Just as surprising to Western and Middle East intelligence circles, DEBKA-Net-Weekly's Washington sources stress, is Anthony Cordesman's name on the study's masthead.
He was one of the Democrats picked by Barack Obama and his advisers to travel to Israel before the November 2008 US presidential elections and lean hard on the Olmert government to refrain from attacking Iran's nuclear sites. In addition to warning Israel that the consequences would be dire, one of Cordesman's most compelling arguments for his Israel interlocutors was that their air force lacks the military resources for such an operation.
A think-tank thesis used as a threat
All of a sudden, six months later, Cordesman reappears in a different guise, advancing the opposite contention.
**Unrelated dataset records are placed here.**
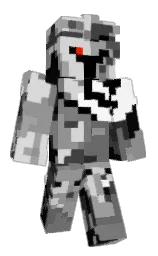 silver chalice and cod gray Minecraft skin — Classic model — first worn by LeoFCB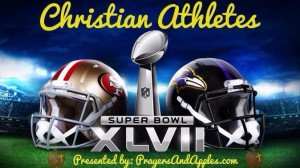 Christians in the Super Bowl: Prayers and Apples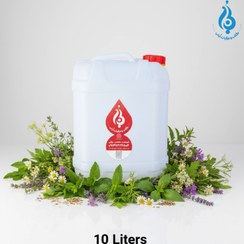 تصویر عرق چهل گیاه اصل گالن 10 لیتری لباب English Name: Forty Herbs Hydrosol – 10 Liters Scientific Name: Mixed Herbal Blend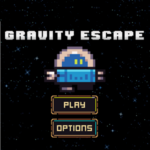 Gravity Escape Game.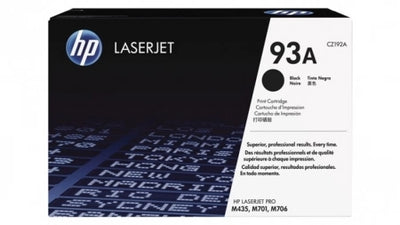 Genuine HP 93A CZ192A Toner Cartridge 12,000 Print Yield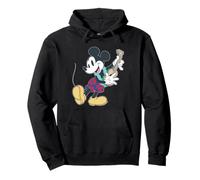 Disney Mickey Mouse Tropical Island Dance Hawai'i Inspired Felpa con Cappuccio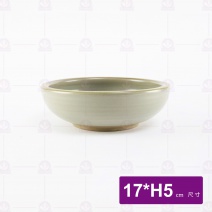 花好厚缽7吋 17x5cm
DEBKA-Net-Weekly's Iranian sources report that reprints of the think tank's March study have been circulated to Iranian intelligence and Revolutionary Guards high-ups. Their close scrutiny of every photograph, chart and word has convinced Iran's leaders that the paper is Obama's roundabout way of hinting at the stick he is holding back for now.
It implies that while Washington prefers diplomacy with Tehran and cooperation in the use of Iranian soil for US supplies to Afghanistan, this is not the only track available to the US government for engaging Iran. If the gloves were to come off, Israeli has been demonstrated by the latest research to be fully capable of a comprehensive military assault that would cripple Iran's nuclear production.
By this circuitous vehicle, Obama is indicating that if Tehran failed to meet Washington halfway on the nuclear issue, it might be called on to pay a heavy price because the military option has never been taken off the table. This option need not be applied by America; Israel is determined to stifle Tehran's nuclear program by force if no other means avails, as its new prime minister Binyamin Netanyahu stated on the first day of his government's inception on April 1.
The view that the Obama administration has more than one ulterior card up its sleeve is gaining ground in Tehran these days, boosted by the latest disclosures about another affair involving Iran – the raid on its arms shipments in transit through Sudan to Hamas in the Gaza Strip.